> [Records for the task]

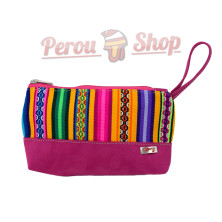 Trousse de maquillage rose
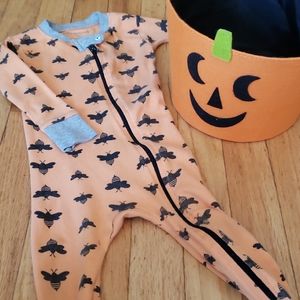 Burt's Bees Halloween Onesie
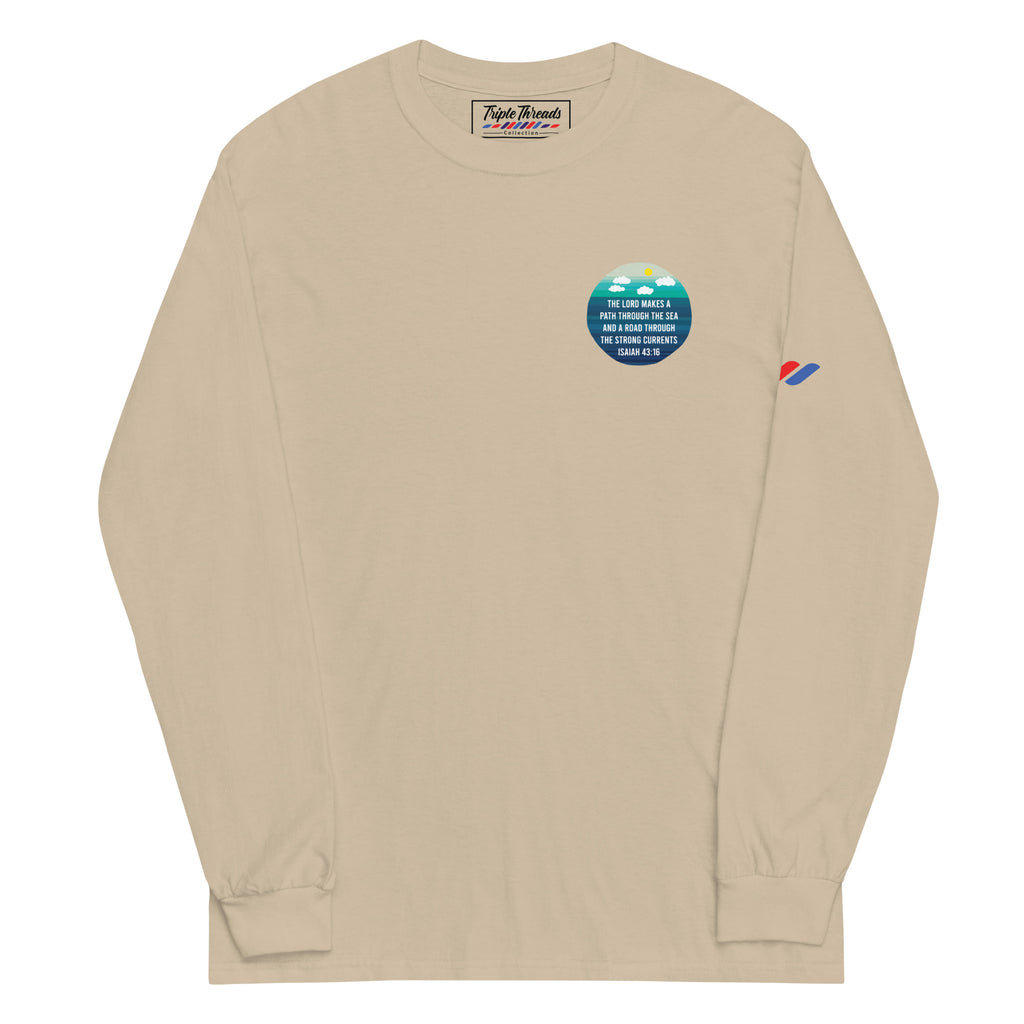 'He'll Make a Path'  Long Sleeve Shirt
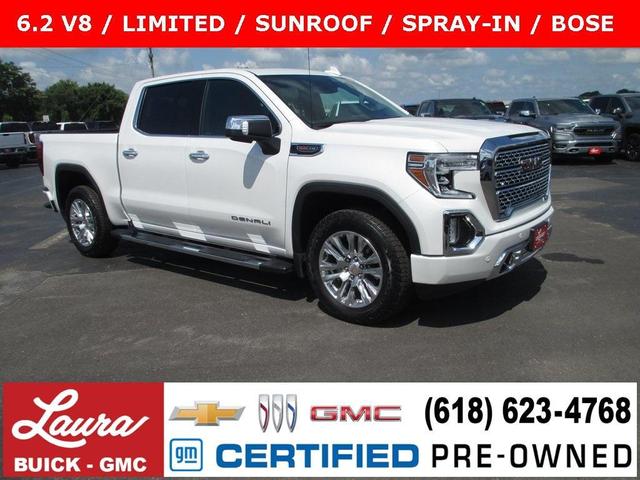 Photo of 2022 White Frost Tri-Coat GMC Sierra 1500 Limited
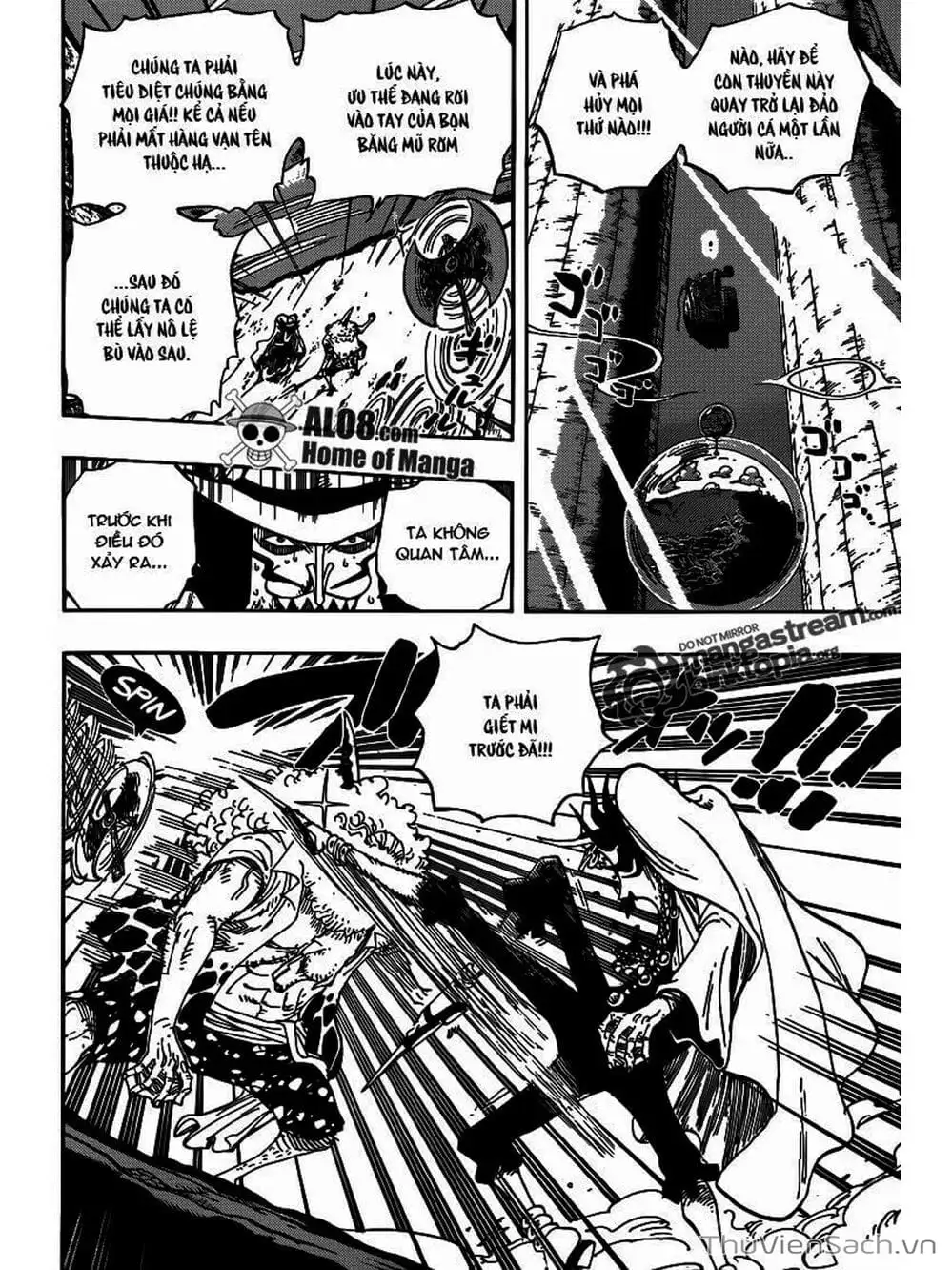 Truyện Tranh Đảo Hải Tặc - One Piece trang 8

> [The problem] Write out the entries above verbatim, without pictures.

> [Worked solution]
 Trousse de maquillage rose
 Burt's Bees Halloween Onesie
 'He'll Make a Path'  Long Sleeve Shirt
 Photo of 2022 White Frost Tri-Coat GMC Sierra 1500 Limited
 Truyện Tranh Đảo Hải Tặc - One Piece trang 8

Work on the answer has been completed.